BerandaPasar Kreatif
Minggu, 20 Feb 2021 08:30

Rasional di Tengah Pusaran 'Monkey Business' Tanaman Hias, Bisakah?

Gito sedang menunjukkan koleksi tanamannya yang sedang naik daun. (Inibaru.id/ Zulfa Anisah)

Harga tanaman yang naik gila-gilaan tentu saja nggak wajar. Kendati kerap dianggap monkey business, nggak semua orang bertindak irasional dengan tetap menerapkan strategi bisnisnya sendiri. Gimana caranya?

Inibaru.id – Janda bolong bercorak putih atau variegata menjadi perbincangan publik lantaran belum lama ini dibeli orang dengan harga mencapai ratusan juta rupiah. Tiap daunnya bahkan pernah dibanderol setara sepeda motor anyar. Maka, bisa ditebak, orang-orang pun latah memburu tanaman bernama latin Monstera adansonii ini.

Hingga kini harga tanaman ini masih terbilang tinggi.
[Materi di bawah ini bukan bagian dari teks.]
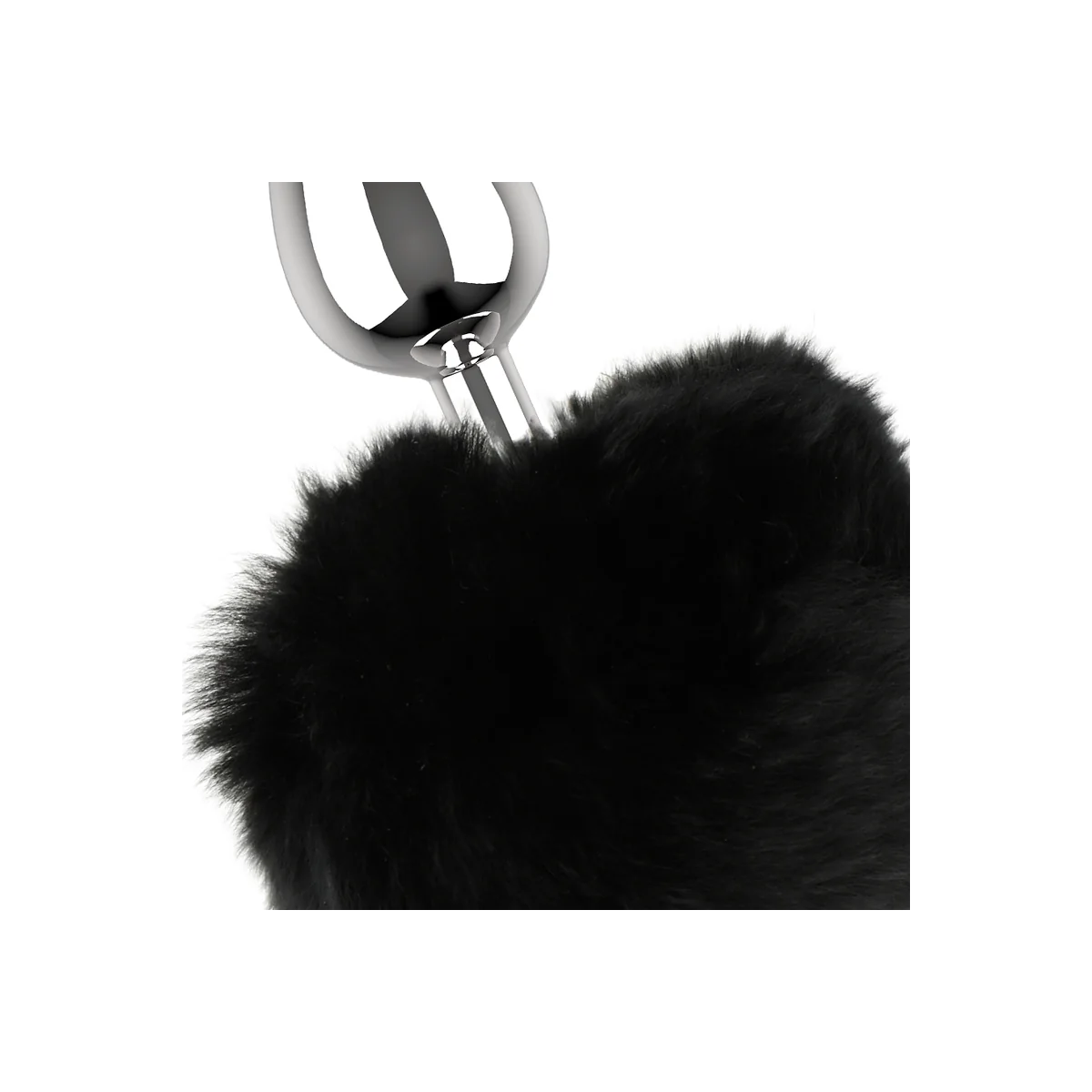 Analplug Metallgrösse L 2.8 X 4.1 cm von Coquette Toys kaufen | Fesselliebe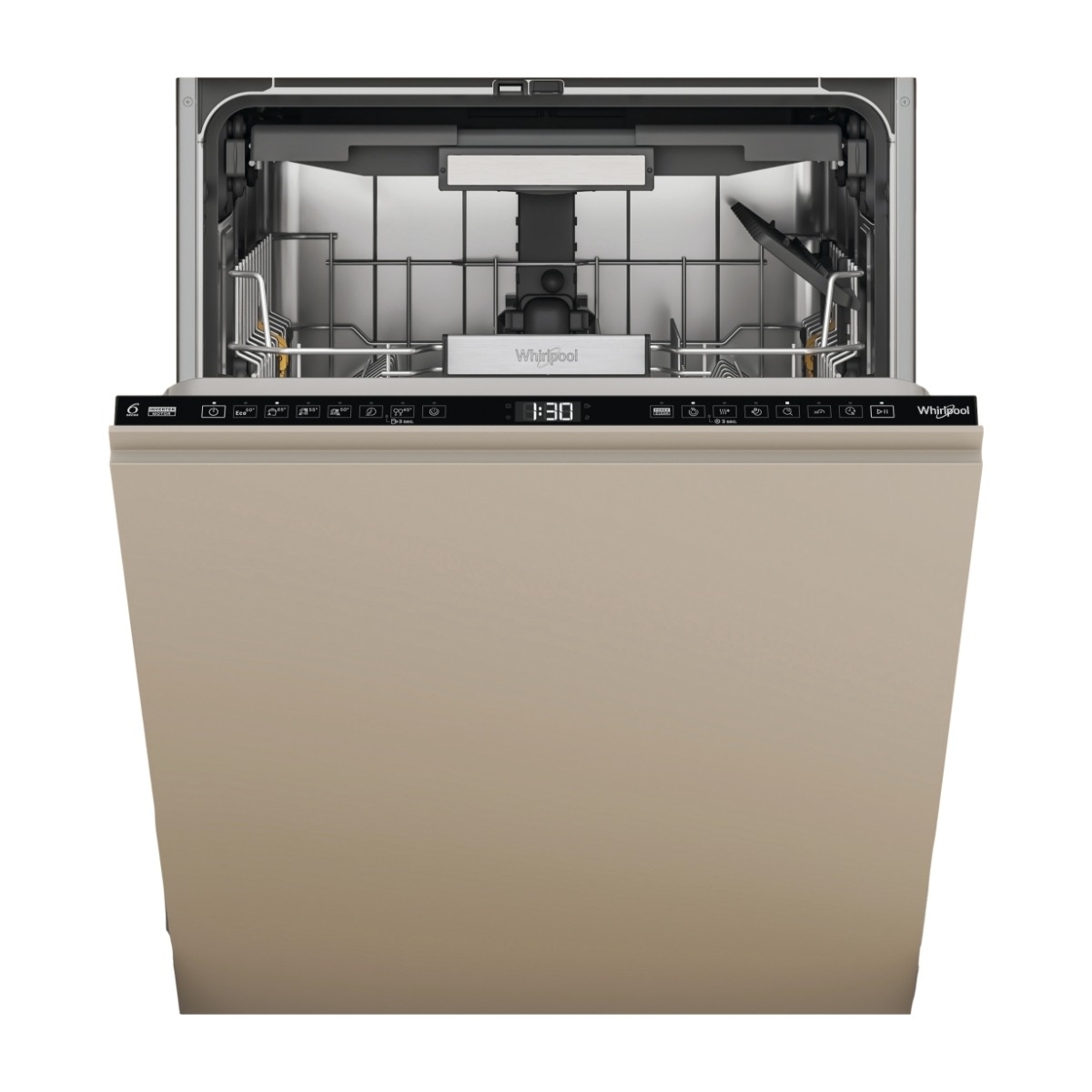 Whirlpool WH7IA15AM3LS0 integreret opvaskemaskine billede 1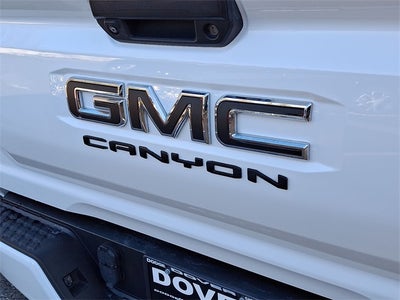 2024 GMC Canyon AT4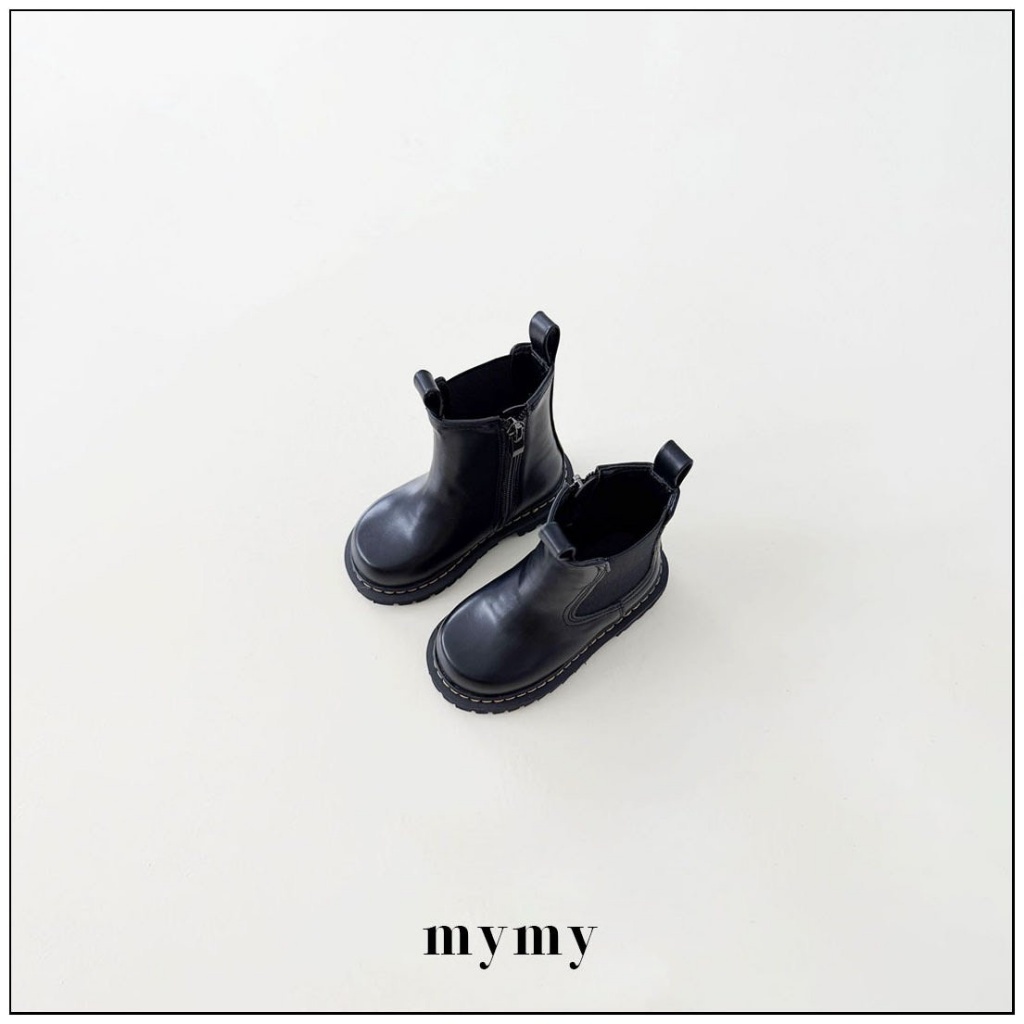 正韓秋Mysocks  切爾西騎士靴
Nggak hanya janda bolong, monstera lain seperti deliciosa, obliqula, dan borsigiana, juga dibanderol sangat mahal, apalagi kalau memiliki bercak putih (variegata). Namun, mungkinkah harga monstera bakal terjun bebas?

Monstera hanyalah satu dari beberapa tanaman hias yang belakangan juga mengalami kenaikan harga yang cukup irasional. Lantaran banyak yang mencari, harga tanaman jadi terlalu tinggi, bahkan sangat tinggi. Dalam dunia ekonomi, ini kerap disebut bubble economy.

Fenomena serupa pernah terjadi pada 1637. Kala itu, bunga Tulip dihargai sangat mahal di Eropa. Sementara di Indonesia, tanaman anturium atau yang lebih dikenal sebagai gelombang cinta pada awal 2000-an juga pernah mencapai harga yang fenomenal hingga setara sebuah mobil keluaran terbaru.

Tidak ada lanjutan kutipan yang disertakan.